Бабушка и Самородок - Будовская Мара
Шрифт:
Интервал:
Закладка:
Выбраться из застенков Лубянки не представлялось возможным.
Но свершилось чудо. Бабушку освободили, и на чёрной «эмке» привезли аж в Кремлёвский дворец, а там началась фантасмагория. Вели её, передавая друг другу, десять пар топтунов, и последняя пара оставила её в небольшом уютном кабинете, куда не замедлил явиться Сам.
О, он долго искал среди арестованных умников кого-либо, кто был бы способен перенять науку Самородка. Он просматривал дела кандидатов лично, и просмотрел их сотни, пока на его стол не попало бабушкино досье. И вот, наконец, она перед ним, его опора на остаток дней. Худая, угловатая, с торчащими ключицами, горящими глазами и роскошными иссиня-чёрными волосами, закатанными в плотный валик.
— Здравствуйте, Эстер Иосифовна. Рад вас видеть в качестве своей дорогой гостьи, — распинался вождь перед моей ошалевшей бабулей. — Здесь вы теперь будете жить и работать. Я покажу вам вашу квартиру и ваше рабочее место.
Бабушка робко спросила, сможет ли увидеться со своей семьёй.
— У вас теперь нет семьи. Хотите, я буду вашей семьёй? Больше вам ни с кем не разрешается разговаривать. В случае нарушения ваш собеседник будет уничтожен, невзирая на пол и возраст. Впрочем, вам теперь будет не до разговоров. Пойдёмте, я покажу вам вашу лабораторию.
Позже, много позже, бабушка по расположению украдкой высмотренных из окон примет, поймёт, что лаборатория и её новая, роскошная квартира располагались в Потешном дворце, что у западной кремлёвской стены, между Троицкой и Комендантской башнями. Там ей довелось жить среди теней прошлых жильцов, начиная с боярина Милославского и заканчивая Надеждой Аллилуевой и Яковом Джугашвили.
Уже освободившись из плена, бабушка, бывало, гуляла по Александровскому саду, и сердце её билось от близости ТОЙ САМОЙ лаборатории.

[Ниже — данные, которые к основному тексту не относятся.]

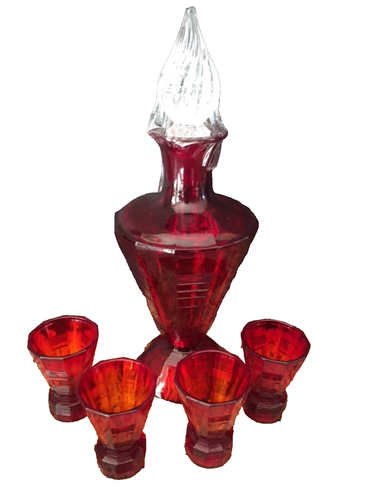 RARE FENTON 1960’S "FRANKLIN" RUBY RED GLASS DECANTER SET 4 SHOT GLASSES #1935 - Picture 4 of 6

О, что это была за лаборатория! Мечта, показавшая ей в Институте Мозга лишь кончик своего хвоста, была воплощена в деталях и вариациях. Самородок проделал огромный путь от деревянных ящиков и выбивающего морзянку коня до металлических вакуумных корпусов, самописцев и динамиков, механически воспроизводящих наборы звуков. Речь этих аппаратов напоминала речь глухих с детства людей, разбирать её было непросто, но бабушка привыкла.
Попугай-Самородок находился тут же, при своём хозяйстве, в клетке. Он вводил в курс свою преемницу с большим удовольствием — ведь впервые за много лет ему представилась счастливая возможность общения с коллегой, тем более — дамой. Разговаривал Самородок с грузинским акцентом, ибо программа переработки импульса в звук была написана им отменно!
Он отвечал на все, даже самые каверзные, вопросы.
— Скажите, почему вы не выбрали себе, скажем, новое тело? При возможностях вашего друга… Подобрали бы врага народа. Или кого-нибудь с черепно-мозговой травмой…
— Дитя моё, в наше время безопаснее быть попугаем, чем человеком, — отвечал он.
И ошибся. Когда курс обучения моей бабушки был завершён, включая освоение самой последней, птичьей, технологии, Сталин пришёл в лабораторию сам. Побеседовал с попугайным воплощением своего товарища, удостоверился в том, что смена кадров прошла успешно, и свернул птичке голову.
— Теперь ты у меня одна, — усмехнулся он и бодро покинул помещение.
Попугайчика Вождь, шутки ради, похоронил под вымышленным именем у Кремлёвской стены. Первое, человеческое, тело Самородка сгорело в крематории.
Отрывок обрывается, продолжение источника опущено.